Recap: Chunky Memory
For high-performance code, we've always had to be aware of paging and caching effects. Now, hardware concurrency adds a whole new layer to consider.
When you ask for a byte of memory, the system never retrieves just one byte. We probably all know that nearly all computer systems keep tracknot of bytes, but of chunks of memory. There are two major levels at which chunking occurs: the operating system chunks virtual memory into pages, each of which is managed as a unit, and the cache hardware further chunks memory into cache lines, which again are each handled as a unit. Figure 1 shows a simplified view. (In a previous article, we considered some issues that arise from nonshared caches, where only subsets of processors share caches in common [2].)
First, consider memory pages: How big is a page?

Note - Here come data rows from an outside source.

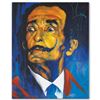 Image 1 : Stephen Fishwick "Dali" Limited Edition Giclee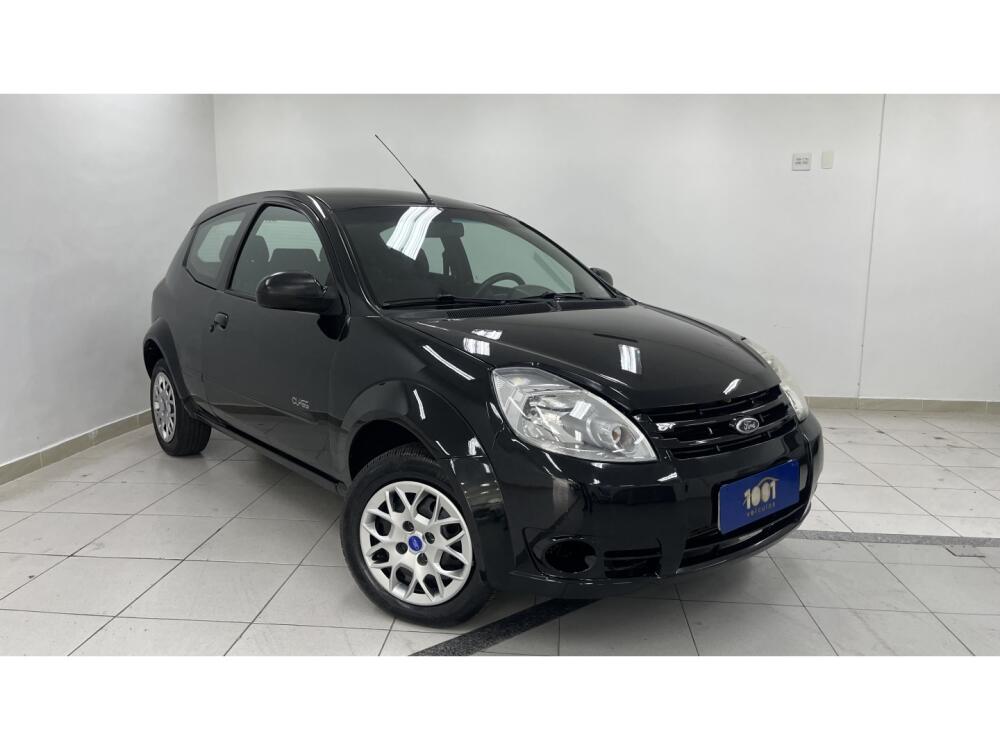 Ford KA Hatch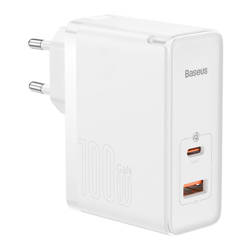 شارژر سریع Baseus GaN5 Pro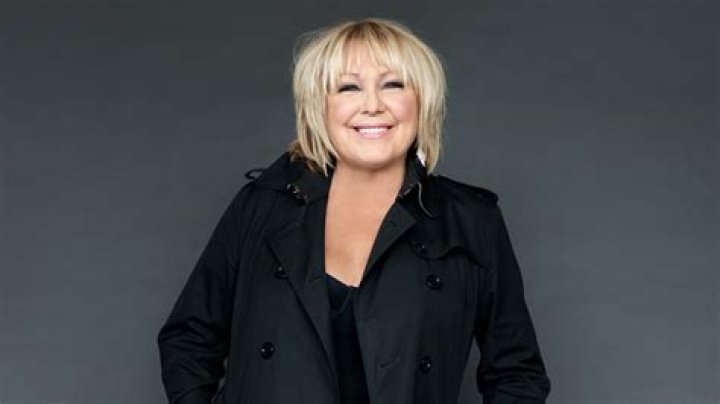 Johanne Blouin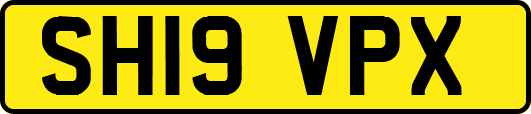 SH19VPX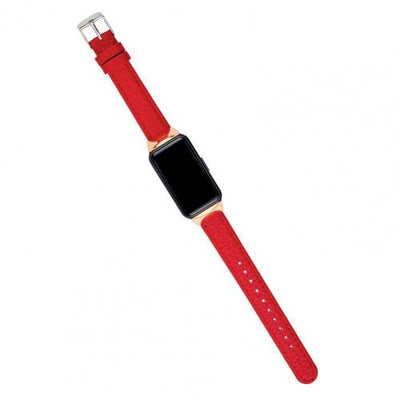 Pulsera de Cuero con Patrón Lichi - Image 16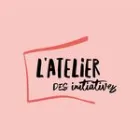 Logo de l'association L'Atelier des Initiatives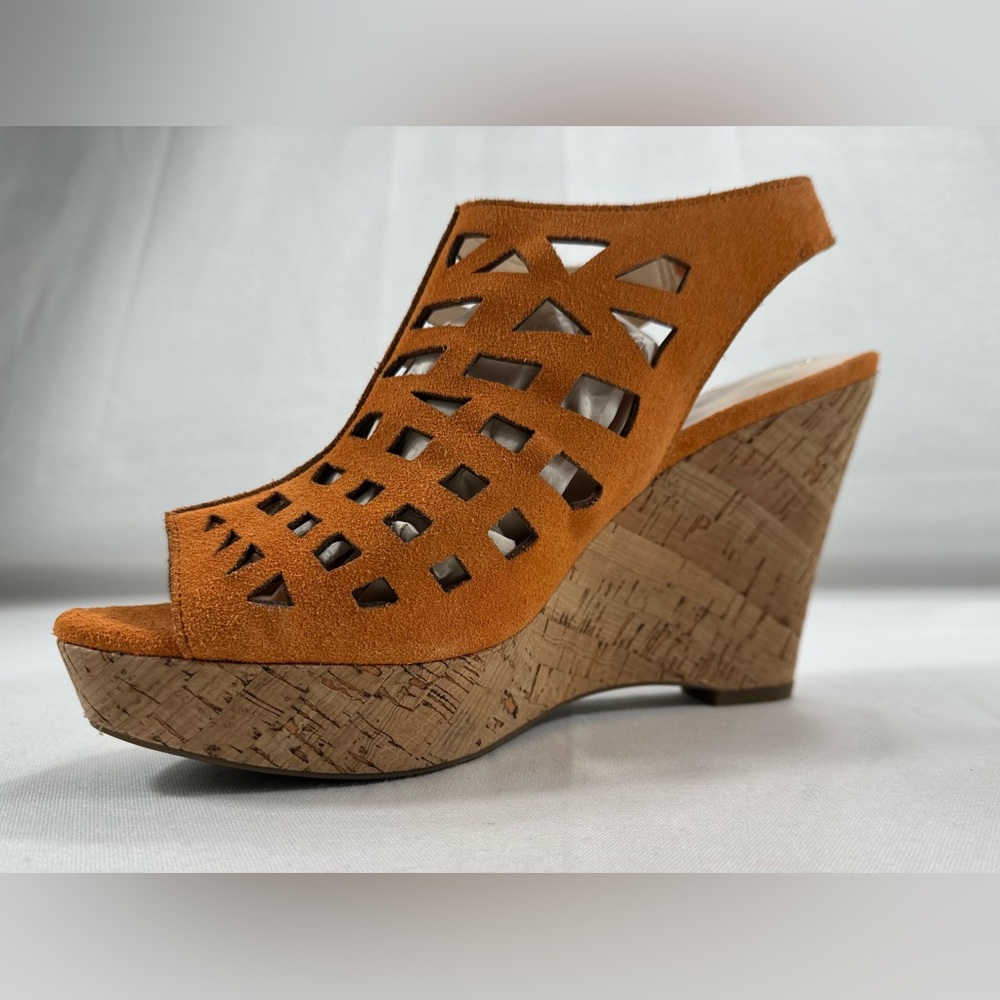Orange Wedge - Picture 2 of 14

That's up to the OS and varies by platform, but on mainstream systems the page size is typically 4K or more (see Figure 2). So when you ask for just one byte on a page that's not currently in memory, you incur two main costs:
- Speed: A page fault where the OS has to load the entire page from disk.
- Space: Memory overhead for storing the entire page in memory, even if you only ever touch one byte from the page.
Second, consider cache lines: How big is a line? That's up to the cache hardware and again varies, but on mainstream systems the line size is typically 64 bytes (see Figure 2). So when you ask for just one byte on a line that's not currently in cache, you incur two main costs:
- Speed: A cache miss where the cache hardware has to load the entire line from memory.
- Space: Cache overhead for storing the entire line in cache, even if you only ever touch one byte from the line.
And now comes the fun part. On multicore hardware, if one core writes to a byte of memory, then typically, as part of the hardware's cache coherency protocol, that core will automatically (read: invisibly) take an exclusive write lock on that cache line. The good news is that this prevents other cores from causing trouble by trying to perform conflicting writes. The sad news is that it also means, well, taking a lock.